• _What you should do_
Although the records contain pictures, only their text should be repeated, exactly as it stands.

• _Task material_
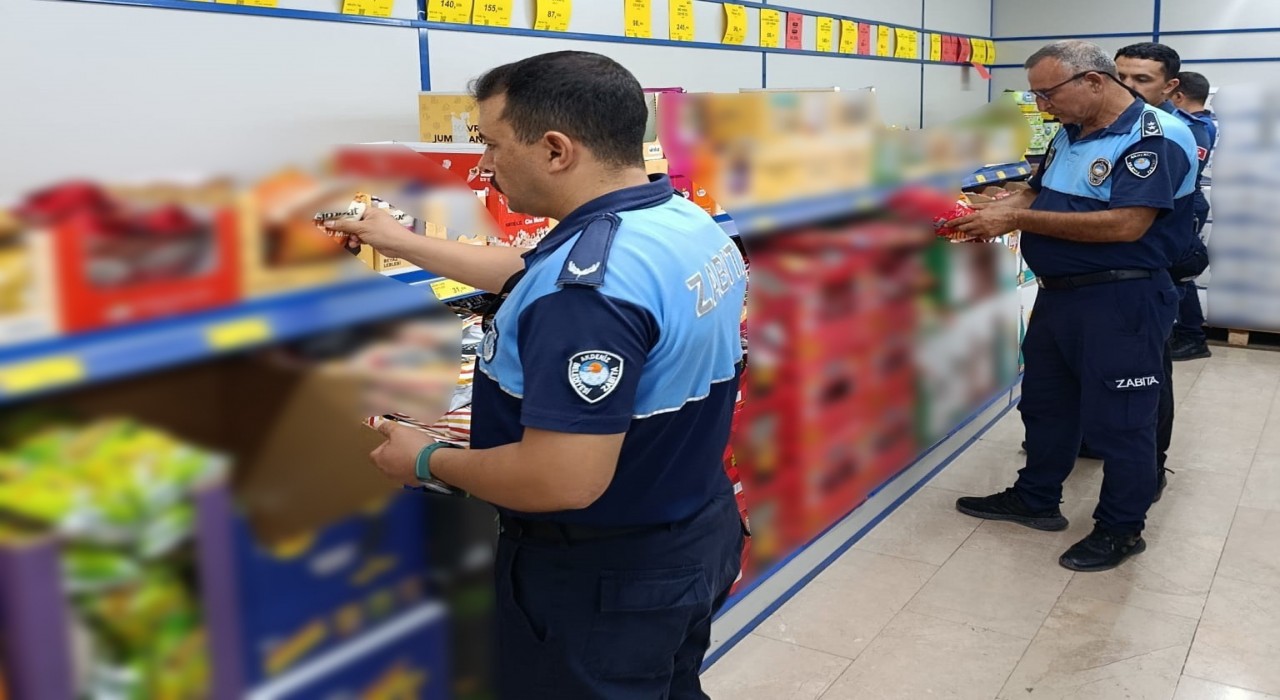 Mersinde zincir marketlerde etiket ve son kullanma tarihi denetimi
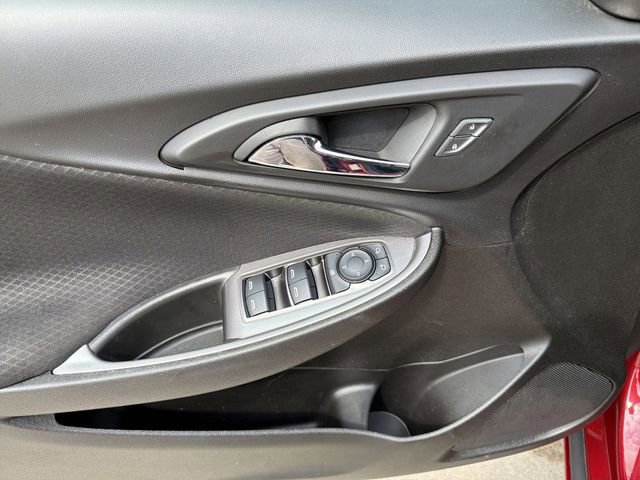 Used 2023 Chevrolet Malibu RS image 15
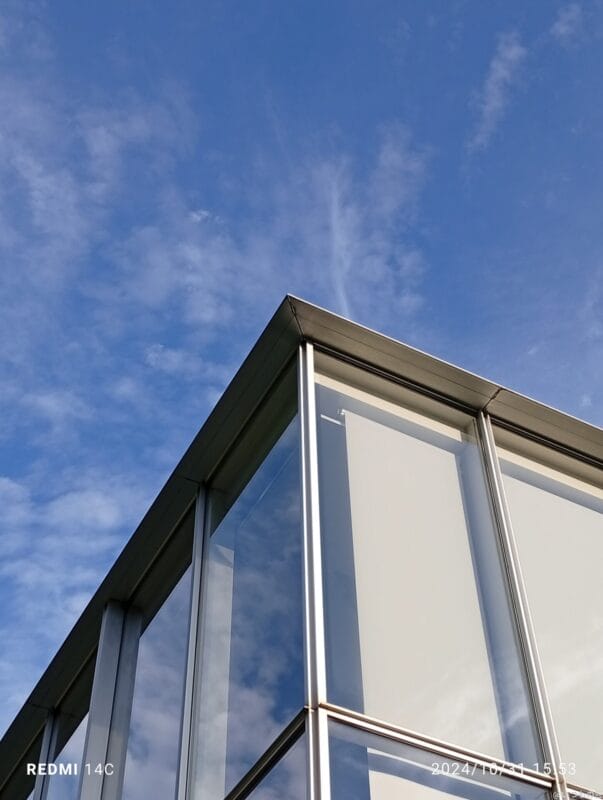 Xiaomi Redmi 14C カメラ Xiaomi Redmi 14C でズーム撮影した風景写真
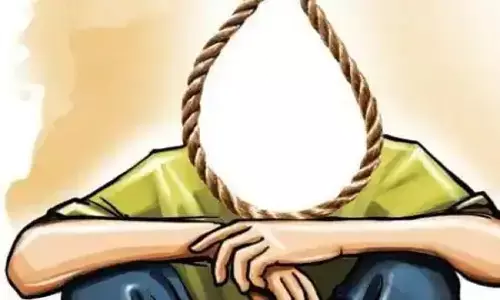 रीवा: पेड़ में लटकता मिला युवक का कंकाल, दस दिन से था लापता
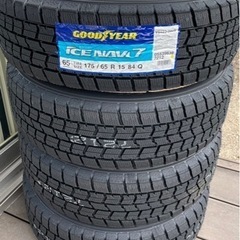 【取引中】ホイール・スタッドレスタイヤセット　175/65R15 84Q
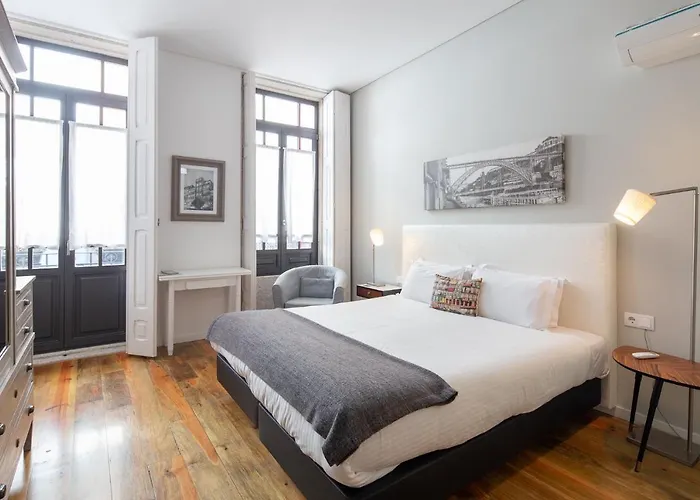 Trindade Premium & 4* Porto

• _Response to this exercise_
 Mersinde zincir marketlerde etiket ve son kullanma tarihi denetimi
 Used 2023 Chevrolet Malibu RS image 15
 Xiaomi Redmi 14C カメラ Xiaomi Redmi 14C でズーム撮影した風景写真
 रीवा: पेड़ में लटकता मिला युवक का कंकाल, दस दिन से था लापता
 【取引中】ホイール・スタッドレスタイヤセット　175/65R15 84Q
 Trindade Premium & 4* Porto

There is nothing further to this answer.